I stared out at a range of steep hills, covered in white water frost. About five hundred meters away I could see the slight gray tinge that was the life dome, against a sky of black.

“Move it!” someone called over radio. I looked down and saw a man waving at the drop rope that hung by the air lock.

“Over you go. kid.” I heard Yuri’s voice behind me and somebody kicked me out into space. I grabbed for the rope, caught it with one hand. In Ganymede’s one-third g you don’t fall fast but I was still recovering when I hit the ground with a solid thump.

I took a few steps away from the rope and then turned back. Yuri was just finishing a smooth slide down.

“You’re still clubfooted, junior,” he said and I took a swipe at him. He dodged and it landed on his shoulder.

“Come on,” I said, setting my feet.

“Mad about a little roughhousing, smartass?” he said with mock surprise.

Somebody shoved me aside. I turned threateningly and saw it was the man who had secured the drop rope. “Break it up!” he snarled at me. “Get out of the way of the rope. You kids can play big men somewhere else.”

Yuri walked away. I tried to cool off and waited until Zak came down.

“He’s still riding you. huh?” he said.

“Looks like it.”

“Yuri hates you being brighter and quicker than he is. So he uses muscle instead. Don’t let him provoke you.”

I balled up a fist, “I’d like to—”

“Yeah, I know. But that’s playing his game.”

“So what? I can’t—”

“Listen, he’s got you going both ways. That guy didn’t see Yuri boot you out, he just heard you try to pick a fight. So Yuri got all the points in that scramble. Listen, next time just treat him okay. Maybe after this he’ll feel square with you.”

“Well…maybe.”

A winch was already lowering nets of baggage from the cargo lock. We walked over and helped two men unroll the net. Our cases were in it. We scooped them up and started toward the base buildings. They housed some of the fifty permanent staff members; the rest lived under the life dome, further away.

The Sagan’s jet splash had melted the ground and made a brown spot in the ghostly white. We trotted along, my suit chuffing away to fight off the cold. When the first expedition landed here the surface was at 150 degrees Centigrade below zero. The reclamation project has warmed things up, but not much.

We reached the administration building and banged on the lock. In a moment the green light winked on and we cycled through. We came out in a suiting-up room.
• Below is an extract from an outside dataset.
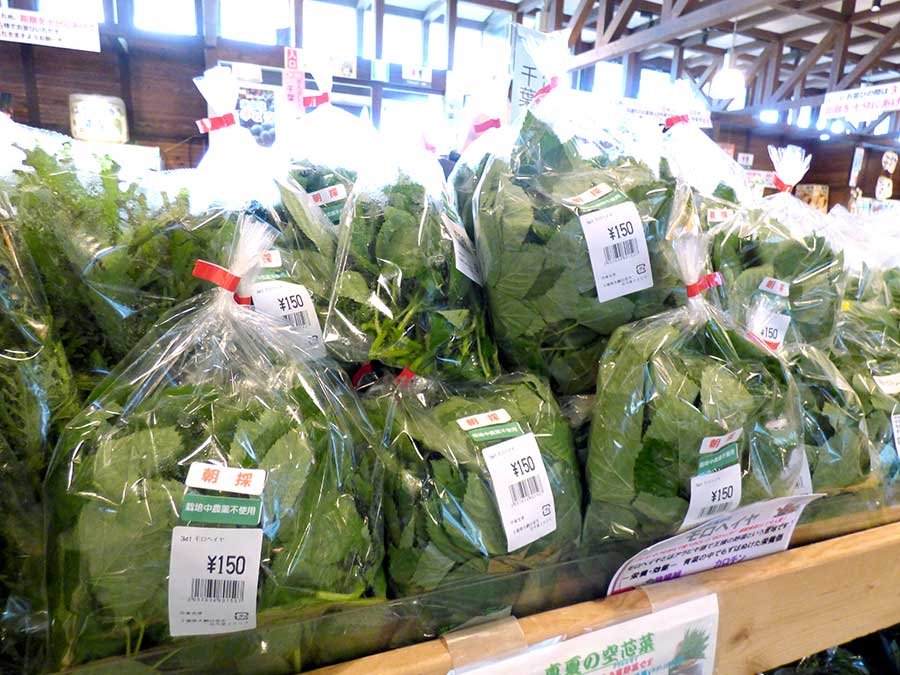 入荷情報 8月30日 野菜の王様 モロヘイヤの入荷が始まりました 道の駅 みのりの郷東金 千葉県東金市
I popped my helmet pressure and found the air was sweeter than I’d expected; they’re making improvements in the base all the time. We lugged our bags into the next room and found a man behind a counter with a clipboard.

“Your name—oh, Palonski and Bohles. Welcome back. Gluttons for punishment, aren’t you? I see you asked for a Walker again.”

“Better than refueling duty,” I said and he chuckled. Pumping water and ammonia into the Sagan’s tanks is the most boring job imaginable; you watch dials for two hours, spend five minutes switching hoses, and then sit two hours again.

He assigned us bunk numbers and let us go; the families with children would get a complete lecture on safety and a long list of things they couldn’t do. I’d heard the lecture ten times before and could probably give it about as well as he could.

We found our bunks and stowed our gear without wasting any time. We didn’t want the mob to catch up with us. As soon as things were squared away Zak and I beat it across the base and trotted over to the dome lock.

The dome is the whole point of Ganymede, for me. I was out of my suit and putting on tennis shoes almost before the air lock had stopped wheezing. I had to gulp a few times to adjust my inner ear to the dome’s pressure, but that was automatic. Anybody who has been in space learns to do that without thinking—or ends up with lancing ear pains when he forgets. Zak was just as fast, and we went through the door together.